I grew up in a community where almost all my friends played sports, and I was the only kid who played classical piano. Every day during lunch in elementary school, my friends played soccer on the field. I tried to be “cool” like them, but it showed that I wasn’t an athlete. I didn’t understand the rules and couldn’t run fast like they could. My friends ended up putting me on defense, where I sat on the grass and watched them play at the opposite end of the field.
As I grew older and the thought of high school slowly began creeping into my middle school brain’s thoughts, I didn’t know what sport to do. Everyone always asked me what sport I was planning on doing in high school, and I never had an answer. My mom told me I didn’t need to do a sport, and I cried. I thought I would be viewed as a nerd or a loser.
I ended up moving to an arts school. Even when I told people about it, they still asked if my arts school had sports and which one I was planning to do (the answer is no, my school does not have sports).
The basic graduation requirement for California high schoolers is one year of an art class and two years of physical education.
My question is: why are sports viewed as more valuable than the arts? Why was I raised with the mentality that doing a sport was a necessity?
With confidence, I can now say that I am proud to be an artist. I am proud to express my emotions through music. I am proud of each piece that I have polished and perfected. I am proud of my wild imagination that allows me to create whole other worlds and live in different feelings.
Because the arts aren’t simple hobbies that take little effort. Just like sports, they take practice.
I could spend my whole day at the piano trying to work on a single measure of music. Every time I perform, I’m forced to face stage fright and the terrifying feeling of watching eyes. I am sweating after each piece I play. My wrists and arms grow tired. My mind swerves with the intense concentration that comes from memorizing more than forty pages of sheet music.
Sports make you fit. Sure, but take dance for example. Ballerinas are often more athletic than football players, but dancers are still looked down upon. Some people don’t even view dance as a sport. Also, you don’t need to do a sport to be perfectly healthy.
Sports give you social skills that art simply can’t mimic. Wrong.

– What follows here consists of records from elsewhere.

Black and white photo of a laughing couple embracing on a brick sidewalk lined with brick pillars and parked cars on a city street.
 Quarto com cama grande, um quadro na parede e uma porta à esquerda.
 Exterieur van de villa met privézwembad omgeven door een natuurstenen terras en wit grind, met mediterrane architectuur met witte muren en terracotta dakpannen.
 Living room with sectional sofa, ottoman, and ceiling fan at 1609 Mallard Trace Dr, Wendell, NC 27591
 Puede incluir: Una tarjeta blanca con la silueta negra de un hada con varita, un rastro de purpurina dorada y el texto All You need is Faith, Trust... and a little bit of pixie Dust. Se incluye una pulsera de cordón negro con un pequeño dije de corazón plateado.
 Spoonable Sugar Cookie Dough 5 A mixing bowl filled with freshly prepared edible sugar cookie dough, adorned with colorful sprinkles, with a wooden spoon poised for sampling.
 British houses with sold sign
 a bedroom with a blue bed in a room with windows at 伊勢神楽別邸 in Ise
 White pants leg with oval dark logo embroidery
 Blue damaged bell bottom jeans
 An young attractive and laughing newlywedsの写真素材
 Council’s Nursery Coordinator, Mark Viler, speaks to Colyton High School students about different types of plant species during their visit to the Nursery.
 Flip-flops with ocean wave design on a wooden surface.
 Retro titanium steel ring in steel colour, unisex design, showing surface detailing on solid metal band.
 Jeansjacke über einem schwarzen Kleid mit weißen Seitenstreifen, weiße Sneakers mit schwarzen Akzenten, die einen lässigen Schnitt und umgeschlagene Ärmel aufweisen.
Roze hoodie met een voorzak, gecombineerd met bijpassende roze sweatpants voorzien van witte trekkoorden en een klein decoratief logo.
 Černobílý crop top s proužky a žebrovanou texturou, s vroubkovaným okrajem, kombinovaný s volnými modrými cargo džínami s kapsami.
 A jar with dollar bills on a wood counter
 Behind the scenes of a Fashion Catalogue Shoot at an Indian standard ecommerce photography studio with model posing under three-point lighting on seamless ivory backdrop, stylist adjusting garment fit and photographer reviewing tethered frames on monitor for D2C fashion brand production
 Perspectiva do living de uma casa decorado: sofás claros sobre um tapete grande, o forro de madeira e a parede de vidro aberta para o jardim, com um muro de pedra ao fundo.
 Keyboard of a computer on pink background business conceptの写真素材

There are plenty of group art projects that all help to increase social skills and make incredible friendships: musicals, theatre plays, ensemble music performances, the list goes on.
Sports teach kids about winning and give them a competitive edge. Do I even need to explain this? I’ve met some of the craziest, most competitive people in music competitions. The arts are very, very competitive.
I am an artist that is tired of being overlooked.
Give the arts your attention, because they are just as demanding as sports are.